# Rail Bender - What brand is this & help please.



## bbusse (Sep 28, 2012)

Is this the best subforum to post this on?

Hello myLargescale.com community,

I have a great dual rail bender a friend game me years ago. I've used it quite a bit and now I need some repair parts for it. (see the links below to find images of this railbender I have) Does anyone know what brand this railbender is? I know it's not made by 'Accucraft', 'AristoCraft', or 'Train-LI'. My goal is to find repair parts for it. I need the white nylon slider shoes for the bottom of it. I have taken a cheap white nylon chopping board and cut in on a bandsaw, but this wears out much quicker than the nylon originally used on this railbender. If anyone knows what type of long lasting nylon I could cut myself, or what brand this is please let me know.

Thank you!
Have a nice day!
-Brian

Images I've found that match the type of railbender I have:
http://www.silverstatetrains.com/CO..._p_45.html
http://www.ebay.com/itm/RAIL-BENDER...0508424250
http://bigboyztrainz.com/wp-content...Bender.jpg


----------



## Totalwrecker (Feb 26, 2009)

Robbie, of RLD Hobbies, an advertiser here, also makes a railbender and may be of help. 
I'd get in touch with him. 

Have you tried the stuff they use to move large furniture ... sliders? 

John


----------



## Greg Elmassian (Jan 3, 2008)

Why don't you contact Silver State Trains directly since they sell them? Your first link is to their web site. 

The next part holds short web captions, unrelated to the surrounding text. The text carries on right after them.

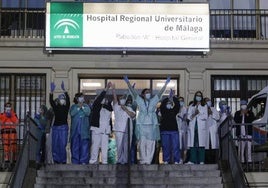 Médicos y enfermeros, a las puertas del Hospital Regional, cuando la población le aplaudía por su intenso trabajo durante la aciaga pandemia de covid. Ñito Salas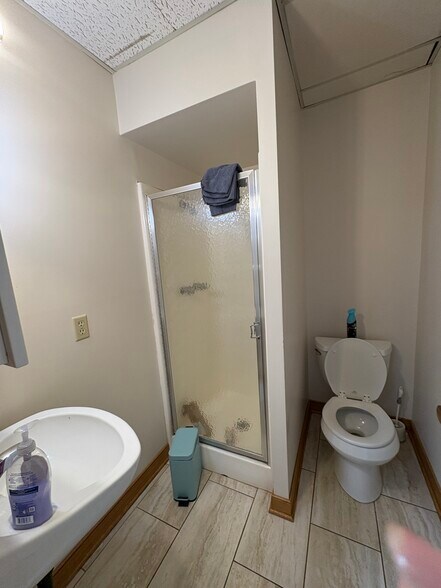 More Photos Of 309 S Chapel St, Louisville Office For Sale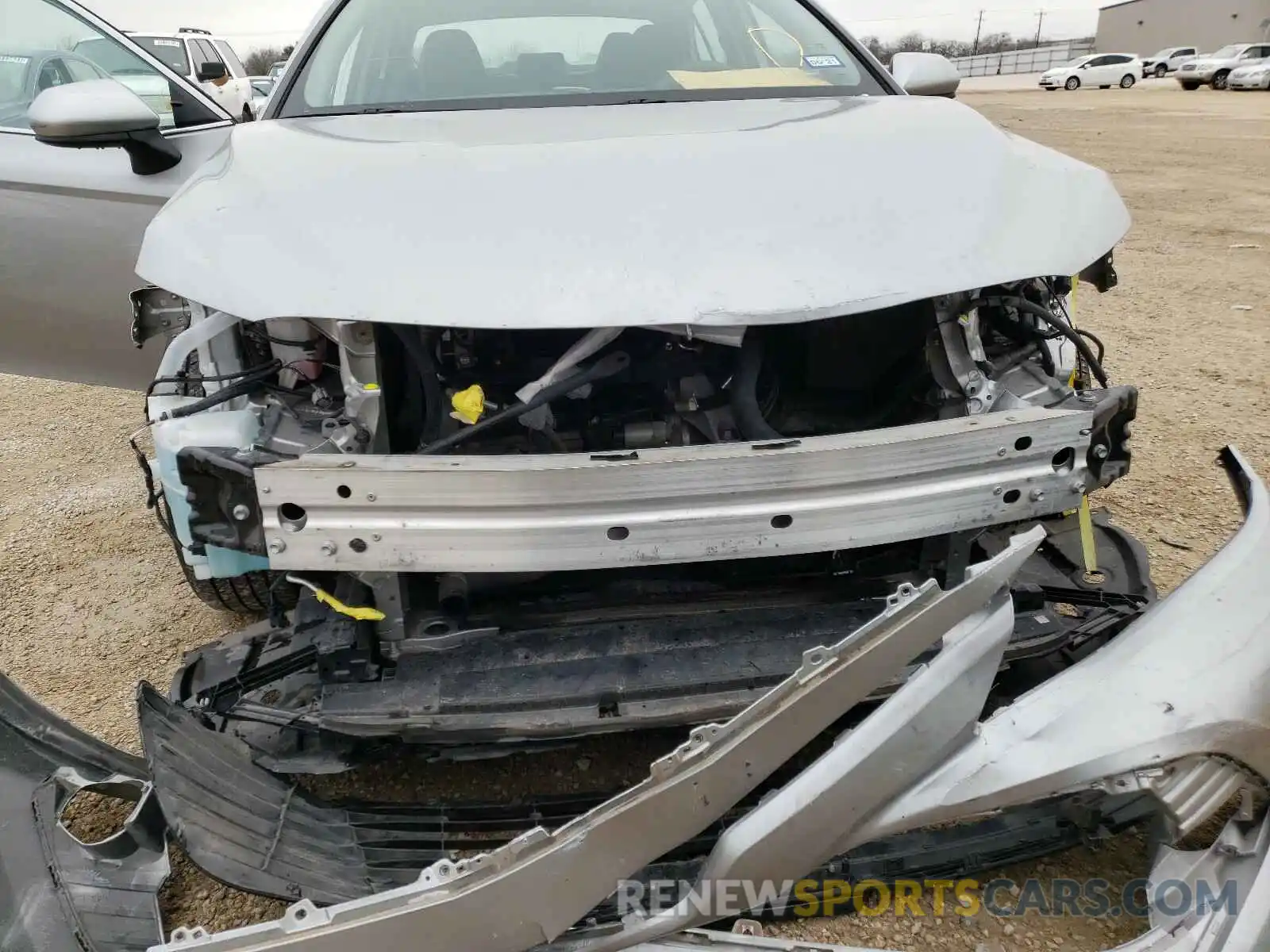 9 Photograph of a damaged car 4T1B11HK2KU260652 TOYOTA CAMRY 2019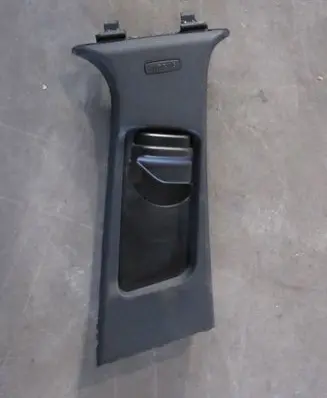 Mercedes-Benz C W204 (B) pillar trim (top) A2048601030
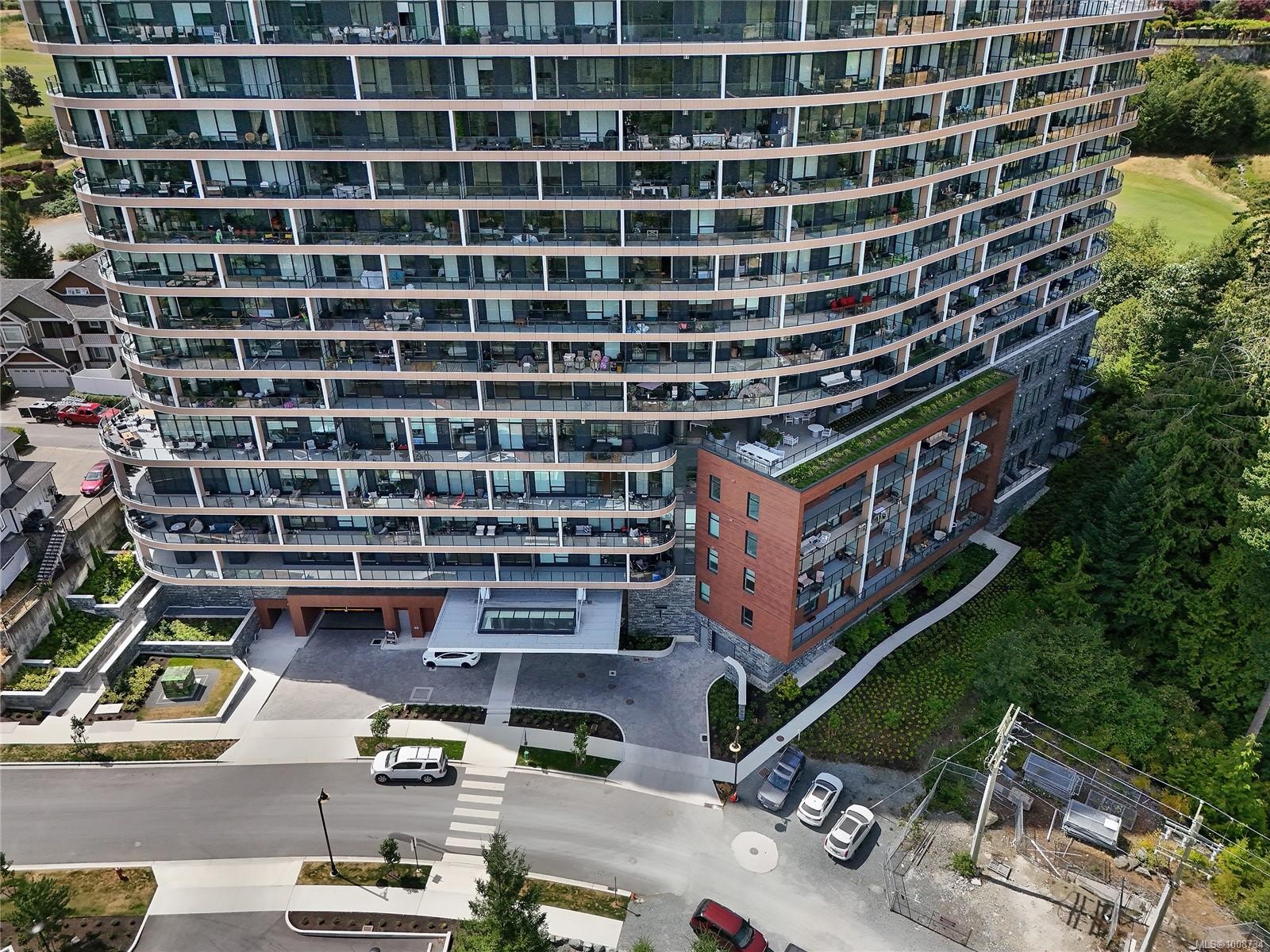 808-2000 Hannington Rd, Langford, BC - Outdoor With View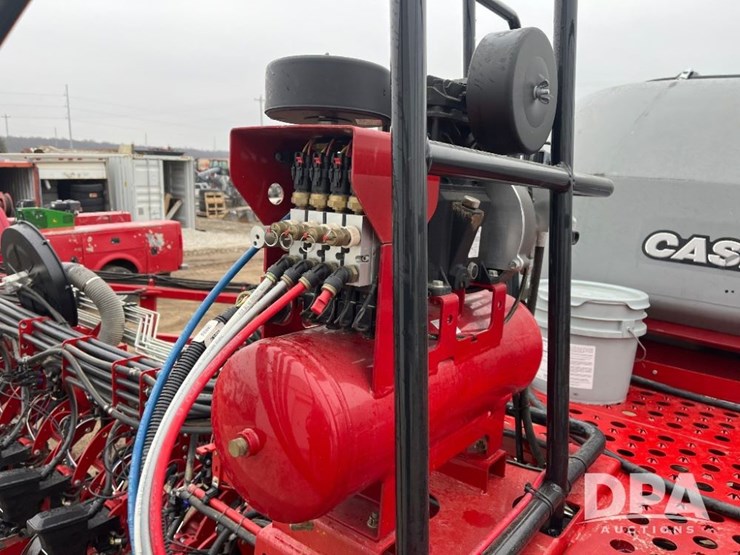 2022-case-ih-2160-image-55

Silver State Trains is an advertiser here... owned by Mark Johnson... call him up, he's a great guy. 

Greg


----------



## Dick Friedman (Aug 19, 2008)

Except for the phrase "Made in USA" I'd bet the one you showed in the picture is a Train-Li. It looks just like the one our club has, and it's Train-Li. You might go to a plastics store (like TAP) and buy some nylon bar of the correct size, or maybe they could recommend a harder and more permanent material. I thought the stuff was Delrin, or something related.


----------



## Greg Elmassian (Jan 3, 2008)

Here is his:









Below is a Train-Li:

(It's clearly different look at the knob, the metal scale, the lack of levels, different screws, etc.).... Again, since you "found" it, and it's on Silver State's site, just contact Mark at Silver State.


----------



## Robby D (Oct 15, 2009)

Its our Rail Bender. We make it.


----------



## Totalwrecker (Feb 26, 2009)

I win! I win! 
Yippee


----------



## SD90WLMT (Feb 16, 2010)

Well - your BIG day John!! 

The Lotto!!!!!!!!!!!!!!!!!


----------



## Greg Elmassian (Jan 3, 2008)

Well, good detective work John! 

There's your answer Brian! 

Greg


----------



## Totalwrecker (Feb 26, 2009)

Ha Ha Dumb luck! 

John


----------



## fyrekop (Sep 20, 2011)

I was looking at the RLD site and saw they were having a sale of these rail benders with a ship date "near the end of Jan" Any idea when they'll be ready to ship?


----------



## Greg Elmassian (Jan 3, 2008)

Fyrekop: Why don't you email Robby or call him directly? 

Greg


----------



## Robby D (Oct 15, 2009)

We have one left in stock.


----------



## NTCGRR (Jan 2, 2008)

John 
You crack me up..LOL


----------



## Greg Elmassian (Jan 3, 2008)

Marty, you crack me up too! 

In fact I crack myself up.


----------



## Dick413 (Jan 7, 2008)

Robby also has the white nylon slider shoes for the bottom of it on his web site. 
dick


----------